[GSoC][Improve parallelism-aware analyses and optimizations]


This is one of the problems proposed by Johannes Doerfert for the next GSoC under the project "Improve parallelism-aware analyses and optimizations". I post it here since GitHub removed it from the issues list. It would be nice if you correct it Johannes, just in case of something wrong:

When we have memory transfers from the host to a device, or any long running (I/O) method that can be split in a begin and wait part, we can try to hide the latency. (For now this is focused on memory transfers in OpenMP target offloading but the scheme should apply to CUDA and other languages as well.)

Given a blocking cross device memory transfer such as blocking_memcpy_host2device(Dst, Src, N), we want to first split it in two parts, the "issue" and the "wait", something like:
handle = async_issue_memcpy_host2device(Dst, Src, N); wait(handle, Dst, Src, N). Then, we want to move the two calls apart, thus causing the issue to be executed earlier and the wait later. There is a chance that the code we can legally move in-between is now executed while the memcpy is performed, effectively reducing the latency. Note that this also works if we start with a async version.

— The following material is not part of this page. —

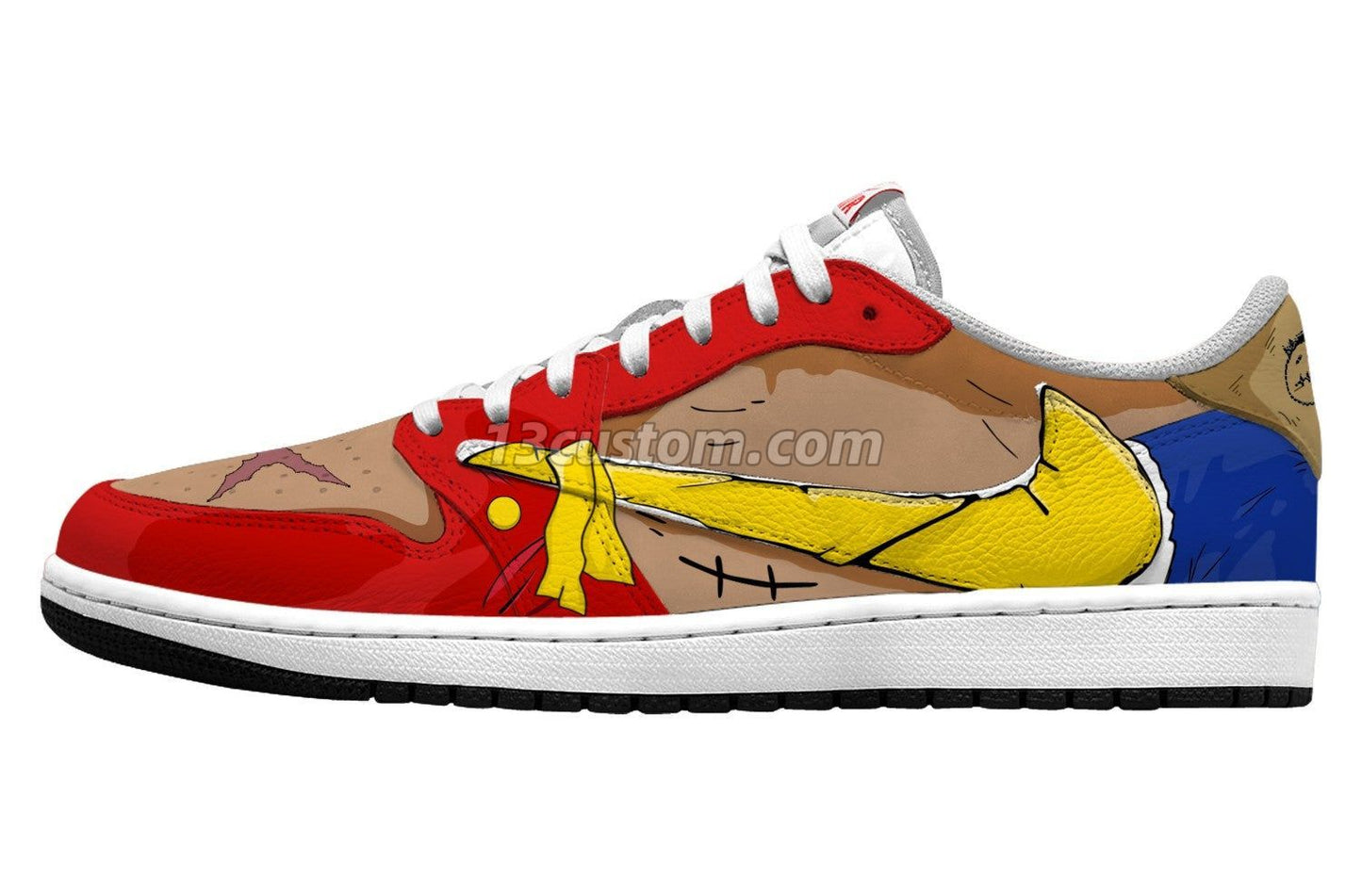Monkey D. Luffy V.7 Custom TS Low Sneakers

* Determine if we need new API functions (in the OpenMP runtime) to represent the two parts of a blocking memory transfer afte we split it. (Note that the async versions might sufficient or can be extended.) Perform the required action.

* Recognize calls to the APIs that we want to support in the OpenMPOpt pass and identify the memory regions involved.

* Implement an optimization that, given a (set of) instructions and a set of memory ranges, moves the instruction(s) earlier or respectively later in the execution path.

* Try to generalize the optimization and apply it to other use cases, e.g. earlier task issuing.